EXERCISE DESCRIPTION:
Emit the data below verbatim, stripping out any pictures.

GIVEN RECORDS:
*** Begin section ***

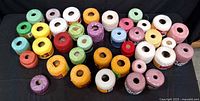 All spools laid out to show quantity, colours and intact paper bands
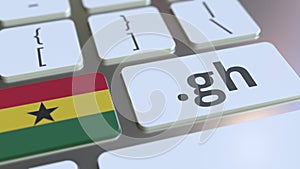 Ghanaian domain .gh and flag of Ghana on the buttons on the computer keyboard. National internet related 3D animation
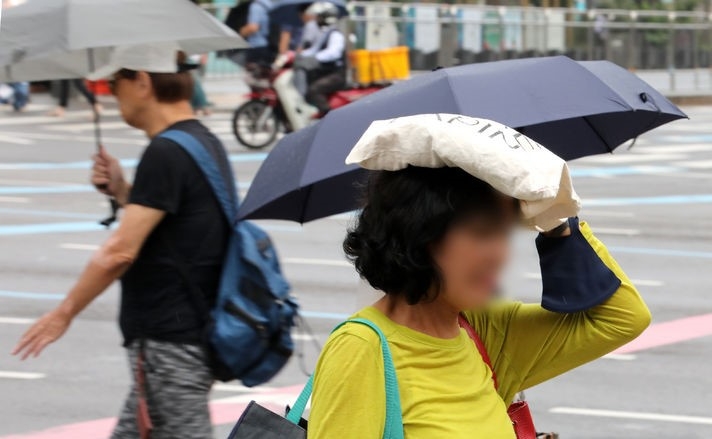 비가 내린 지난 22일 오전 서울 종로구 세종대로 인근에서 한 시민이 가방으로 비를 피하고 있다.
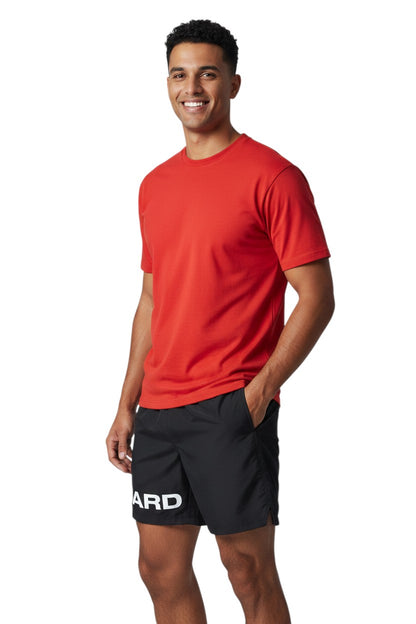 The Lifeguard Store black 4-way stretch polyester lifeguard deck shorts with "GUARD" printed on the leg.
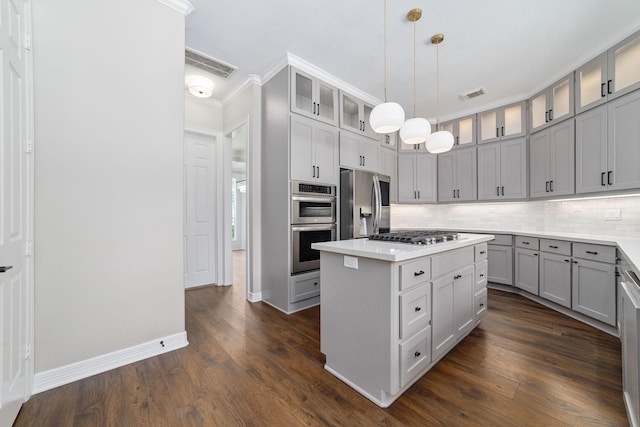 18 Sullivans Ct, Missouri City, TX 77459 - kitchen featuring stainless steel appliances, gray cabinets, tasteful backsplash, a kitchen island, and light countertops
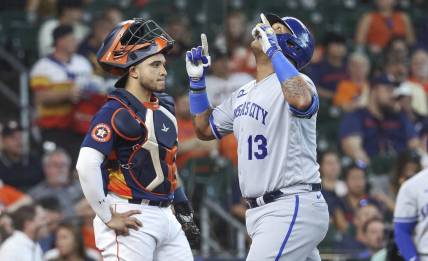 Sep 24, 2023; Houston, Texas, USA; Houston Astros catcher Yainer Diaz (21) looks on as Kansas City Royals designated hitter Salvador Perez (13) celebrates after hitting a home run during the third inning at Minute Maid Park. Mandatory Credit: Troy Taormina-USA TODAY Sports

*** End section ***

ANSWER SPACE:
 All spools laid out to show quantity, colours and intact paper bands
 Ghanaian domain .gh and flag of Ghana on the buttons on the computer keyboard. National internet related 3D animation
 비가 내린 지난 22일 오전 서울 종로구 세종대로 인근에서 한 시민이 가방으로 비를 피하고 있다.
 The Lifeguard Store black 4-way stretch polyester lifeguard deck shorts with "GUARD" printed on the leg.
 18 Sullivans Ct, Missouri City, TX 77459 - kitchen featuring stainless steel appliances, gray cabinets, tasteful backsplash, a kitchen island, and light countertops
 Sep 24, 2023; Houston, Texas, USA; Houston Astros catcher Yainer Diaz (21) looks on as Kansas City Royals designated hitter Salvador Perez (13) celebrates after hitting a home run during the third inning at Minute Maid Park. Mandatory Credit: Troy Taormina-USA TODAY Sports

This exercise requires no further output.